I remember one evening around the beginning of the summer of 1974, sitting on the floor in what I recall as a sun-lit loft, or at least a neat room under a sloping roof, in a quiet house in Dublin's Liberties district. This was the house of Michael Smith, poet, translator, teacher and publisher and I was visiting for the first and only time with my friend, the poet Eamonn Wall. James Liddy, another poet and friend and contemporary of Smith’s had brought us to this house. Wall and I were aspirant bards who were as yet wet behind the ears, soaking up whatever came downstream.
Dim and distant as the memory may be, I reflect on what a quietly imploding, slow-release thrill it was, an innocent, brief but indelible encounter. We learned in that silent house on a quiet street that Michael, who was in his early 30s then, was a teacher of English, Latin and Spanish at St Paul’s College in Raheny.
Yet, despite these academic accomplishments, there was nothing patronising or superior about him, and he made us welcome with gifts of the most recent issue of his poetry magazine, The Lace Curtain. He also presented us with glossily slim hardback copies of his translations of Pablo Neruda’s Twenty Love Poems & A Poem of Despair, a warm, generous gesture that will always stay with me. Yet I was fated some years later to lose both periodical and book, probably dumped by mistake in some clean-up. It’s a loss still cursed to this day, as the quality of those youthful Neruda poems in translation was never surpassed.
We would meet Michael occasionally afterwards, in Grogan’s, also known as the Castle Lounge, twice or three times at most. But it is the first meeting in the Liberties that stays, our first time in that mythical warren of ancient streets, the beautifully designed publications fresh from the poet’s New Writer’s Press in our eager hands.
In the years afterwards, Smith would add to his brilliant Neruda endeavours with further translations of the work of a number of prominent Spanish language poets into English. Such tasks would have been addressed with energy, vision and commitment, in a life-long enterprise undertaken with love and deep respect. In 2001, the poet and translator would win the European Academy Medal which is awarded annually by the European Academy of Poetry.
In The Irish Times, the poet Philip Casey welcomed Smith’s marvellous translations of Federico García Lorca’s Tamarit Poems when they were first issued by Dedalus Press, which volume is still happily available. Aside from Michael Hartnett’s translations of Lorca, Casey declared in his review that "no non-Hispanic poet, Irish or otherwise has immersed himself so completely in the culture and poetry of Spain and Latin-America as (has) Michael Smith.”

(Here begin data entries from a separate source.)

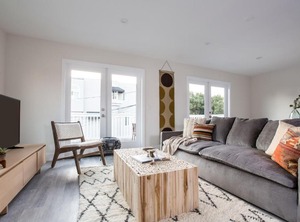 Sonder Bonair Way | Beach Barber Tract
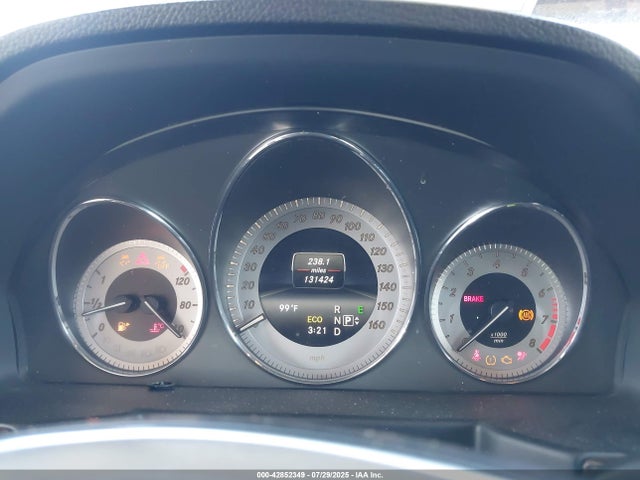 WDCGG5HBXEG160277 Mercedes-Benz 2014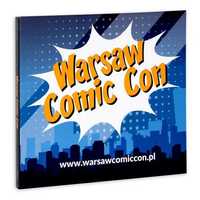 Warsaw Comic Con CD (Nowa w folii)
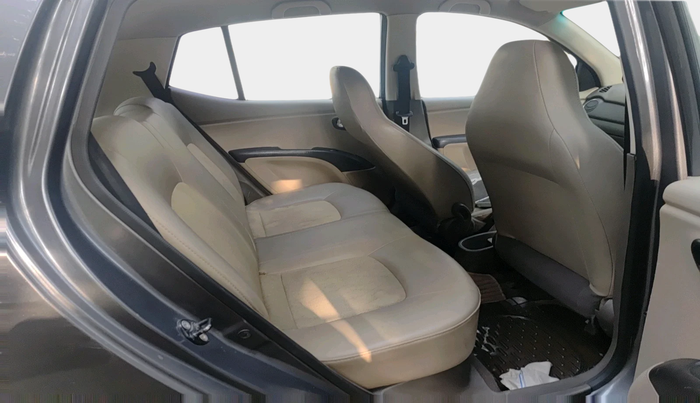 2012 Hyundai i10 MAGNA 1.2, Petrol, Manual, 98,693 km, interior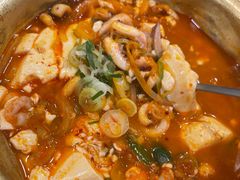 -金北顺大锅家(신사본점)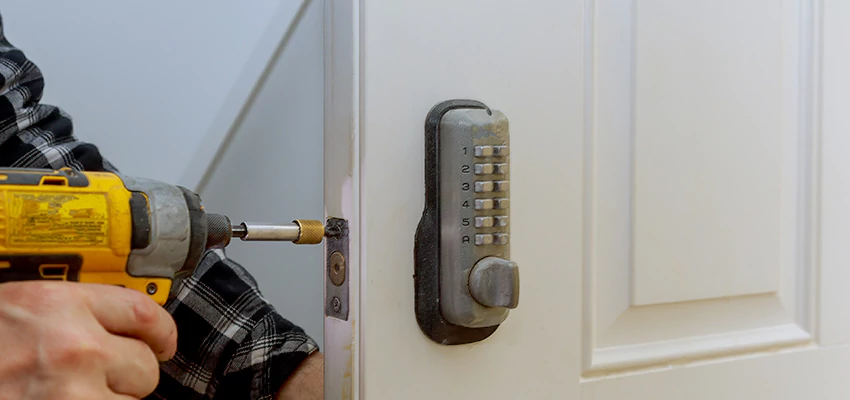 Digital Locks For Home Invasion Prevention in Woodridge, IL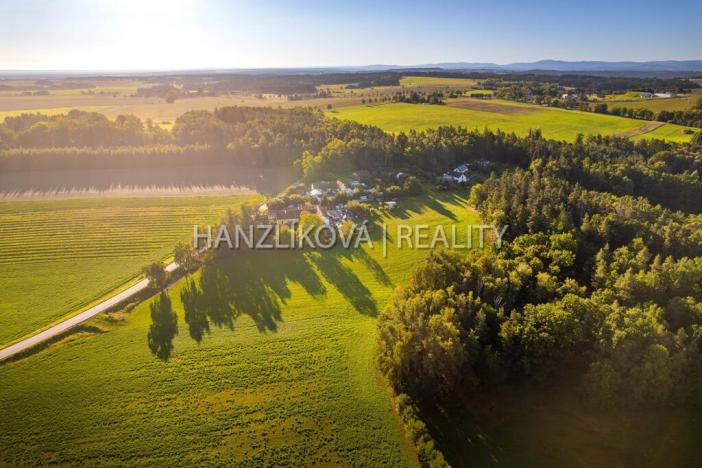 Prodej pozemku pro bydlení, Dubičné, 1630 m2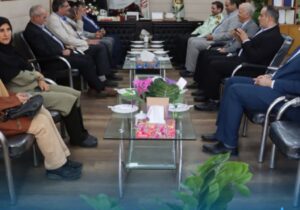 💠 تبریک هفته نیروی انتظامی توسط شهردار و شورای شهر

He translated the work of Miguel Hernández, Luis de Góngora, Antonio Machado, and with Luis Ingelmo he edited and translated the poems collected in Cantes Flamencos (Flamenco Songs), published by the Exeter-based Shearsman Books.

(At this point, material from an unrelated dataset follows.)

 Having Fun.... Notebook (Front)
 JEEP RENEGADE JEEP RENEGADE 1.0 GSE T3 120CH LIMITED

Shearsman are also the publishers of the monumental Complete Poems by the great Peruvian poet Cesar Vallejo (1892-1938) which appeared in 2012. Smith did these captivating translations in partnership with Valentino Gianuzzi and this book, along with other books mentioned, can be bought or ordered at Books Upstairs on Dublin's D’Olier Street.
Smith himself was a gifted poet, an original voice, but one who was inevitably influenced by the Spanish canon he was so steeped in. The work of the Modernist poets, Denis Devlin and Brian Coffey and the poems of Thomas Kinsella also had a bearing on the poet's development. His affectionate portrayals of working class Dublin life, in their bleak moments and in their days of content, document a vanished Dublin, a city of tenements and narrow back streets, landmarks long gone. Many of the titles lead you right in - Slum Children at Hallow’een, Messenger Boy in the Hardware Store, Two Slum Brothers, Tenement, Street Singer.
Other poems were fruit of the long summers the poet spent in various parts of Spain with his wife and three daughters - and the grandchildren in later years, presumably- through forty years or so. Nature, its harshness and its beauty, bird life and marine life, local characters in their piety and fecklessness, in their alcoholism or their venality, the ne’er do wells and the barely-getting-by - they were all in Smith’s sights, whether discerned in a sun-scorched corner of rural Spain, or spotted on the back streets of Dublin decades ago.
Michael's poetry could be airy and light when appropriate, but a deeply spiritual thread ran through much of the verse. For one of his final books, Prayers for the Dead (Shearsman, 2010.) published four years before his death at the age of 72 on Sunday, November 16, 2014, he wrote an author's note, which contains the following observation. “Let me try to define prayer as I am using it here. It is a voice in the head, ours and not ours. It speaks in words we scarcely understand.”
And indoors, in the evening,/listening quietly, one can hear/the autumn lean/against the frail door of summer. (Summer to Autumn, Collected Poems, Shearsman, 2009.)